8. ### Audioguru Expert

Dec 20, 2007
10,671
1,191
I always use a transistor's minimum or maximum spec's so that all circuits I make will work.
Some people use "typical" spec's then find that some of their circuits work and others don't.

You can't buy a transistor with typical or better spec's. So use the minimum and maximum spec's.

9. ### jappy Thread Starter Member

Nov 28, 2008
13
0
Yeah, I'm all about planning ahead. However, determining which transistor to use and what base resistor to use with it seems to be scrambling my brains. Is there some formula I could use to make my life easier when trying to determine these two things?

10. ### Audioguru Expert

Dec 20, 2007
10,671
1,191
Use a transistor that can handle the current without burning out.
Use a base current that is 1/10th the collector current.
Ohm's Law is used to calculate the value of the base resistor.

11. ### Ron H AAC Fanatic!

Apr 14, 2005
7,049
675
First, you need to know some approximations. For low-current switching (≈100mA or less):
1. The collector-emitter saturation voltage is between zero and maybe 0.3V. (See Fig. 2 in the datasheet).
In order to ensure saturation, the base current should be ≈Ic/10. Notice that in Figs. 2 and 3, β=10. This means forced beta, i.e., Ic/Ib. More is OK, sometimes a little less is OK.
2. The base-emitter voltage is ≈0.6 to 0.8V, depending on base current. See Fig. 3.

First, calculate your collector current. In this case, if you assume the transistor collector voltage is zero, then each LED current limiting resistor will have about 4V across it. So the current in each leg is (4/150)=26.7mA. Since you have 4 legs, the collector current will be about 107mA.
You need to set the base current to 107mA/10=10.7mA. The base voltage will be about 0.8V. Keep in mind that your HC595 does not have zero output resistance. From the Voh specs in the datasheet, you can deduce that the high level output resistance (call it Rhi) is about 100 ohms. Ib=(Vcc-0.8)/(Rb+Rhi). Calculating, Rb≈300Ω, as Audioguru said.
Notice that, when calculating the base resistor, everything is based on approximations and rules of thumb. If your base current is less than Ic/10 by 20%, it will probably work OK.

12. ### nomurphy AAC Fanatic!

Aug 8, 2005
567
13
If you have 4 LED's that drop 2V each, then 4 X 2V = 8V, and 12V - 8V = 4V ballast, and 4V/150ohms = .027A, and .027A x 4sets = 0.108A total.

Now, if you want to save your driver, you can calculate the base resistor value by using the hFE number. See by the datasheet that the hFE is a minimum of 100 at 150mA.

The collector current of 108mA/100hFE = 1.1mA.
The driver voltage of 5V - 0.8Vbe = 4.2V.
4.2V/1.1mA = 3.8K (use a 3.3K).

What does this mean? You won't be driving the xstr into full saturation, but you won't notice the difference either, and the burden on the shift register is significantly reduced (especially if you are using more than one output like this).

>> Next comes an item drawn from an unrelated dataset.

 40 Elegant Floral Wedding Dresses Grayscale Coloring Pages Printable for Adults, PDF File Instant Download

Full saturation is best when switching fast signals where losses are critical, but it doesn't matter here. The difference is about an extra 100mV or so drop across the transistor, which is negligible.

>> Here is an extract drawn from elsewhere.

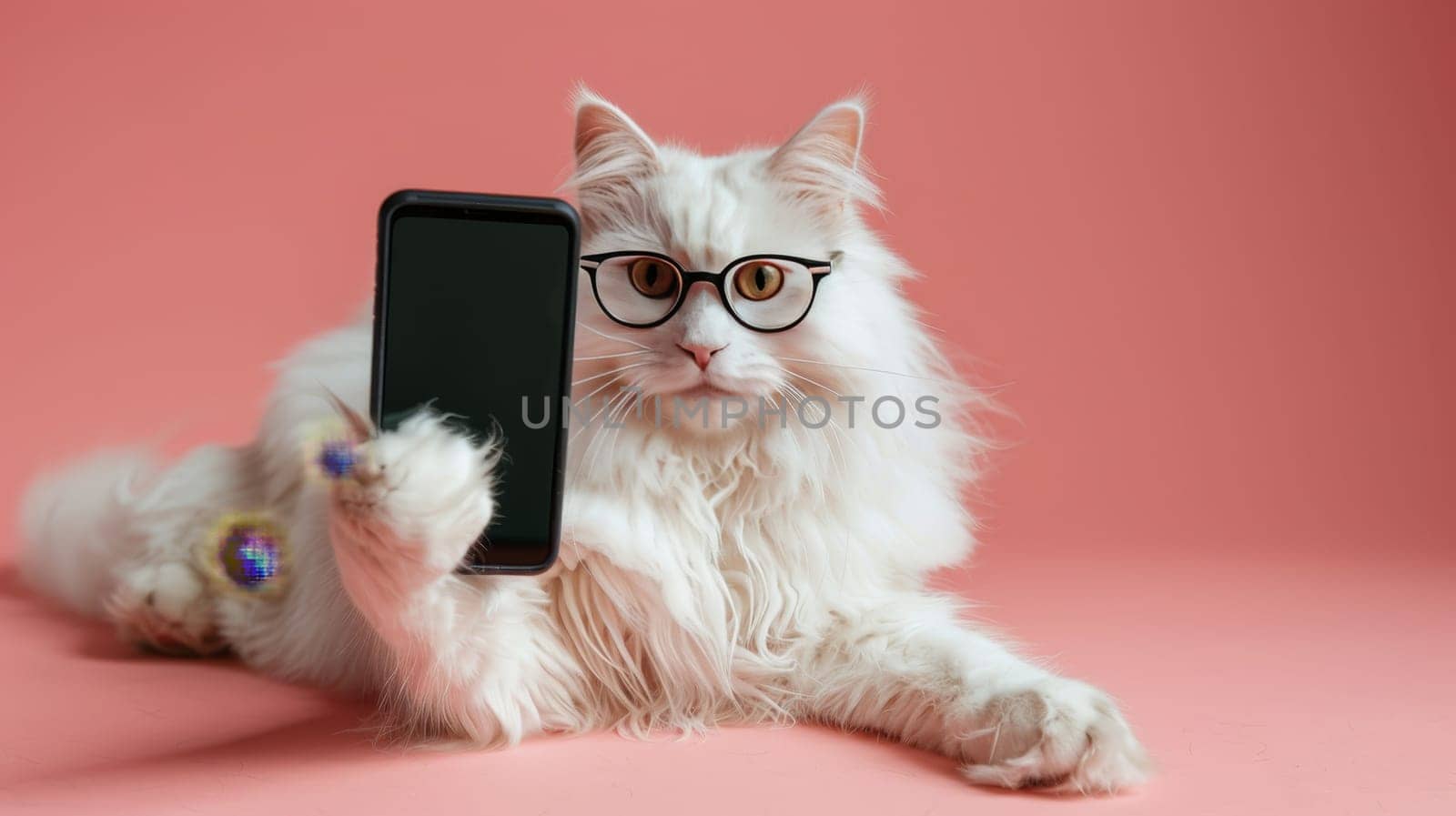 White Fluffy Cat Wearing Glasses Holds Smartphone with Blank Screen on Pink Background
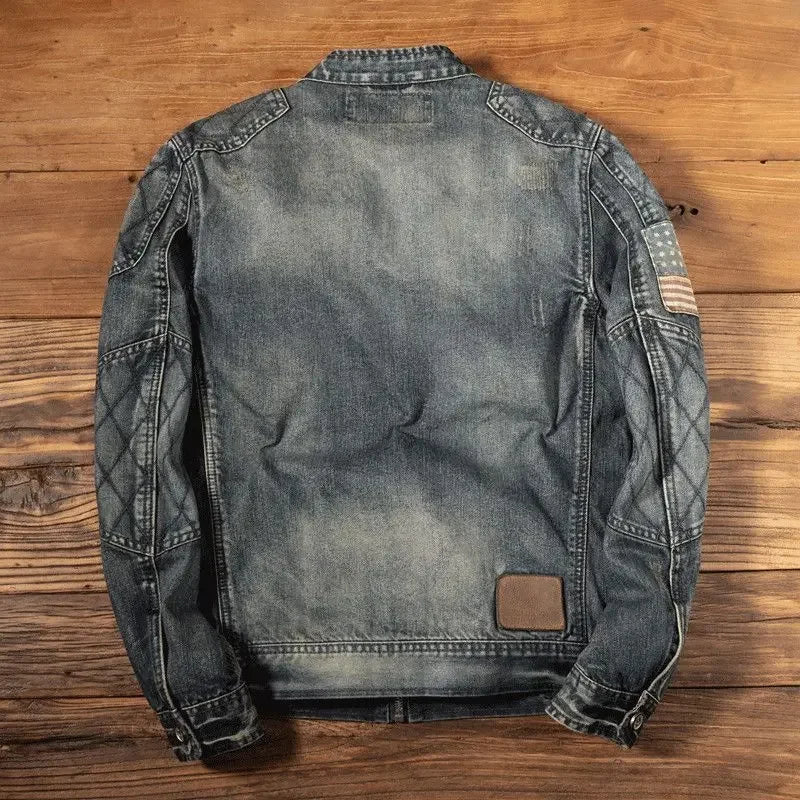 Veste en Jean Grise Biker USA Homme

Try it, and measure between the collector and emitter (GND) -- I bet it's around 250mV. 250mV x 108mA = 27mW which is no problem for the xstr to dissipate.

If you want to experiment, place a 200 ohm resistor in series with a 5K pot as the base resistor. Measure the voltage between the collector and emitter (GND) as you adjust the pot, and see if/when you can notice a difference in the LED brightness or xstr temperature.